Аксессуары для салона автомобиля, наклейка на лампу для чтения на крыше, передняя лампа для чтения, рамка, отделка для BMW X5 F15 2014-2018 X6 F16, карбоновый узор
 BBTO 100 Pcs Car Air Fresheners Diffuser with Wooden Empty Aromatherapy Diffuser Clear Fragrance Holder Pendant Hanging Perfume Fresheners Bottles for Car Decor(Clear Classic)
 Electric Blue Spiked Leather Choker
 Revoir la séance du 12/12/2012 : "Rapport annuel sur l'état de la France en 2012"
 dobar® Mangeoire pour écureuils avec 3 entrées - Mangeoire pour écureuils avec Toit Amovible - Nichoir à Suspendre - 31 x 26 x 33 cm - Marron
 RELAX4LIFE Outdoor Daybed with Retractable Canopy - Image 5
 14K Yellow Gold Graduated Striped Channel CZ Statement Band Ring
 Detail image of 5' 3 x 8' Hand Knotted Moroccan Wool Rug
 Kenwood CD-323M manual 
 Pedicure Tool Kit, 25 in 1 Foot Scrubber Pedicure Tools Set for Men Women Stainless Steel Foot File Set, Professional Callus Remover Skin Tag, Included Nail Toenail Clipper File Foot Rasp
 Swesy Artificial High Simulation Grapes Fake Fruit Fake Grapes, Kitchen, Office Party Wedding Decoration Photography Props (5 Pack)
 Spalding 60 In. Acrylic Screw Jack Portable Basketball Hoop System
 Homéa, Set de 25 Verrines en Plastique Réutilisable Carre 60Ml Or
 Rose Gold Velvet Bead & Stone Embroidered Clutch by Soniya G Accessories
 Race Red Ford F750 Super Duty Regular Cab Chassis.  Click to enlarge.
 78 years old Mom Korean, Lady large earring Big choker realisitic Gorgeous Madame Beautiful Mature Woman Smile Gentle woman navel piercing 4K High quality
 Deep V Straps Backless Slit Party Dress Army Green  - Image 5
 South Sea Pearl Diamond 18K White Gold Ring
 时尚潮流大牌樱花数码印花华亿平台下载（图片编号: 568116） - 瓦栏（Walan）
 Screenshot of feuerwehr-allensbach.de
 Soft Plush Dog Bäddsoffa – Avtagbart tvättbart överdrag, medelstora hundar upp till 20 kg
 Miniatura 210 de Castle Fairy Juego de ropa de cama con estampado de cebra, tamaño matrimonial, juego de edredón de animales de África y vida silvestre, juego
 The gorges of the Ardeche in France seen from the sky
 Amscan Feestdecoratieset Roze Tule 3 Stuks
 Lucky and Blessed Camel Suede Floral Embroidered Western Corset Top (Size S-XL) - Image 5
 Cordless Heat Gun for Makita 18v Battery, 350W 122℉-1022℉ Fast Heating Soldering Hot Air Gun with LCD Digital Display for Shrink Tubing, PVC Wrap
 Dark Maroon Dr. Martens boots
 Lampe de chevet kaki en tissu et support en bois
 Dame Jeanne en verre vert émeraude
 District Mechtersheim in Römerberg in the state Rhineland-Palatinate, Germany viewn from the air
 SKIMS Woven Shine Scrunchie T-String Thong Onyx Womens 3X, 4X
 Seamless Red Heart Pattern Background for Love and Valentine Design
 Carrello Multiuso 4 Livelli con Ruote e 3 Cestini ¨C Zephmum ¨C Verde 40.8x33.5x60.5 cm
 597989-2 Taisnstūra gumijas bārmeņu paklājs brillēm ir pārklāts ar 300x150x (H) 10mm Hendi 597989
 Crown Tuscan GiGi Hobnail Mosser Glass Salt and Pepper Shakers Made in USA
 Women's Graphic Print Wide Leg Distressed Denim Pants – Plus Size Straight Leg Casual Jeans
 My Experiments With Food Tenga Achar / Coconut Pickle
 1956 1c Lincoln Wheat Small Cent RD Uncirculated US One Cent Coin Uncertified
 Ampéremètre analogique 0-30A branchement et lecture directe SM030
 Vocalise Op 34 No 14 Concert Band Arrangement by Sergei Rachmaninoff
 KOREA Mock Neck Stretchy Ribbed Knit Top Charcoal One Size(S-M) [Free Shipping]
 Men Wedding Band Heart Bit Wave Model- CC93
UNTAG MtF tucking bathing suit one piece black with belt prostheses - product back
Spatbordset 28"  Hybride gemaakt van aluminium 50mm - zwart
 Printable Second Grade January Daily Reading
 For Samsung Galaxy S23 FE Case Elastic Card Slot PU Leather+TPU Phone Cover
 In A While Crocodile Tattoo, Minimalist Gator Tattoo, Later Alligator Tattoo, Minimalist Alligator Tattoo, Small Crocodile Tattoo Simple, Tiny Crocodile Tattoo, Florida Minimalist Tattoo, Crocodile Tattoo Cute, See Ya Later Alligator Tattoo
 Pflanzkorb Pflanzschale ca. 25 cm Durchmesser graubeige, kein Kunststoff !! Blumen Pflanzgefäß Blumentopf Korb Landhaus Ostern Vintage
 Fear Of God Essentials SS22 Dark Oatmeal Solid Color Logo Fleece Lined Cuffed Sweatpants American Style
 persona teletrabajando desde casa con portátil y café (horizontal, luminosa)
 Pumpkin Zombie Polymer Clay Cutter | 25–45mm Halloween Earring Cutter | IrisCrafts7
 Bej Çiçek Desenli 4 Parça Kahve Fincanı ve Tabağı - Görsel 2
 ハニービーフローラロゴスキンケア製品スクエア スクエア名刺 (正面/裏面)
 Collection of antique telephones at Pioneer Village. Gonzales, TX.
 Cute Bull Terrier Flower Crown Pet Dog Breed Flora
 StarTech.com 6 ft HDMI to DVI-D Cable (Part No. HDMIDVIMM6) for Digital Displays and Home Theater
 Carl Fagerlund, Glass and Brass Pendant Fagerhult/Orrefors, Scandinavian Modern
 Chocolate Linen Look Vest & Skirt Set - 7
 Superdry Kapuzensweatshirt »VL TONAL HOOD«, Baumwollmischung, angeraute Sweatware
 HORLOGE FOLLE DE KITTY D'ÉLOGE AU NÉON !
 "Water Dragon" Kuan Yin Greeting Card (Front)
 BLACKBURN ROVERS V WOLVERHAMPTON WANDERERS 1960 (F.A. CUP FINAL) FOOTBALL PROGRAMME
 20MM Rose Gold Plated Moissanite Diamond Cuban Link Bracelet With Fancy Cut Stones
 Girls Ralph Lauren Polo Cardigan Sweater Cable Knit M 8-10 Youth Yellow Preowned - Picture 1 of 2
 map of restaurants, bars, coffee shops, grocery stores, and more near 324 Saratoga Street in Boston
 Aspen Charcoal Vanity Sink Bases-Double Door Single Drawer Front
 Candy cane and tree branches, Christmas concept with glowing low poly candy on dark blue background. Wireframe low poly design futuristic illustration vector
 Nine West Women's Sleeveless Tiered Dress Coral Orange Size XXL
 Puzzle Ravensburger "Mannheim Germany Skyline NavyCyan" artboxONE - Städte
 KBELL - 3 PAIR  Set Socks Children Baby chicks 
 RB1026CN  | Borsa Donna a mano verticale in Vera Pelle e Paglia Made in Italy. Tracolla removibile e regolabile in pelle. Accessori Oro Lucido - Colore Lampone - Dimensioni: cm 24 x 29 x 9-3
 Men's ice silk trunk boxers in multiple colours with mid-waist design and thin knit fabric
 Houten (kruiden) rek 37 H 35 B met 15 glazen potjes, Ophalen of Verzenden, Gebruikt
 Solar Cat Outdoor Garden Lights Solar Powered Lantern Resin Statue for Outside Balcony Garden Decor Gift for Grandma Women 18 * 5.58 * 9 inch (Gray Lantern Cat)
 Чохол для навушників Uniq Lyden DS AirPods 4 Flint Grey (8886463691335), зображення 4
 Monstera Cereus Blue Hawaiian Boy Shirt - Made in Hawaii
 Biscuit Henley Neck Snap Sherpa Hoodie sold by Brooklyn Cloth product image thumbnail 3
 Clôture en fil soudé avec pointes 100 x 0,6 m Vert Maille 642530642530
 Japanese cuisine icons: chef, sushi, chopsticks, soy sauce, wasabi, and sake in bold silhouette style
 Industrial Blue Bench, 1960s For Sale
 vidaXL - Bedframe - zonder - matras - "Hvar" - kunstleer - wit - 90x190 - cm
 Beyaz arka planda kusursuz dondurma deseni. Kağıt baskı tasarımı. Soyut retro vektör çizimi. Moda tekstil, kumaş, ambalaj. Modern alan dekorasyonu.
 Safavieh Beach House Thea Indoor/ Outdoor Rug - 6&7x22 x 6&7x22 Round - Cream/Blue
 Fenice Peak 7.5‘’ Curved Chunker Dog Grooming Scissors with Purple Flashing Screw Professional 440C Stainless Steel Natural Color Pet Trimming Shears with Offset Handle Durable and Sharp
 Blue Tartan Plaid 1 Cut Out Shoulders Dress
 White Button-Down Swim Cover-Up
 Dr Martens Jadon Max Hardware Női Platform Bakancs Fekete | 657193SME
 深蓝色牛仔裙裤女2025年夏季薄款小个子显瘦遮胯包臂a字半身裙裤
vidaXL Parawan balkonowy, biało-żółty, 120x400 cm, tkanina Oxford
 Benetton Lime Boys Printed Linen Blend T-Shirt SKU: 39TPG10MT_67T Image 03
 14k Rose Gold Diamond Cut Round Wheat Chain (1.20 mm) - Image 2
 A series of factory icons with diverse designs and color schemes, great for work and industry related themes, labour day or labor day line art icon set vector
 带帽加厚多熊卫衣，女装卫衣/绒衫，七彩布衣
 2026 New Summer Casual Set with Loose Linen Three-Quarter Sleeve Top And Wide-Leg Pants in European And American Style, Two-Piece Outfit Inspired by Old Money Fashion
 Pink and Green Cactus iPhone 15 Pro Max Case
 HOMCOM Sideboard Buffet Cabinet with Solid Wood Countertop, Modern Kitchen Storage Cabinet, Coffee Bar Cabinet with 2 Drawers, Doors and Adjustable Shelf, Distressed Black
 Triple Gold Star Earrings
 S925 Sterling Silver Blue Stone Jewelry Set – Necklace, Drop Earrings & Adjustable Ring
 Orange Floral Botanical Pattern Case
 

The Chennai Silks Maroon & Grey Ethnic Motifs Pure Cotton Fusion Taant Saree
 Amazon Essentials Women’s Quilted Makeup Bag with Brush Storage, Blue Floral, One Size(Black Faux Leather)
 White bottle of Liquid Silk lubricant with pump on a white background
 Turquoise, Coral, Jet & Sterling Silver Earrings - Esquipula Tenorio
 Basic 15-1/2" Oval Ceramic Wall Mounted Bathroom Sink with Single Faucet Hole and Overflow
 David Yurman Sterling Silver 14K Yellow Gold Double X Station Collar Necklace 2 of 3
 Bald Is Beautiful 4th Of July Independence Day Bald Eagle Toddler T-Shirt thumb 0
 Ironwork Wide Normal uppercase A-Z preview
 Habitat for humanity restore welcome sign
++++
### Work order
Please transcribe only the lines in the records above running from the line that has "Fear Of God" through the line that has "ハニービーフローラロゴスキンケア製品スクエア スクエア名刺 (正面/裏面)", both included, exactly as they appear.

### Expected output
 Fear Of God Essentials SS22 Dark Oatmeal Solid Color Logo Fleece Lined Cuffed Sweatpants American Style
 persona teletrabajando desde casa con portátil y café (horizontal, luminosa)
 Pumpkin Zombie Polymer Clay Cutter | 25–45mm Halloween Earring Cutter | IrisCrafts7
 Bej Çiçek Desenli 4 Parça Kahve Fincanı ve Tabağı - Görsel 2
 ハニービーフローラロゴスキンケア製品スクエア スクエア名刺 (正面/裏面)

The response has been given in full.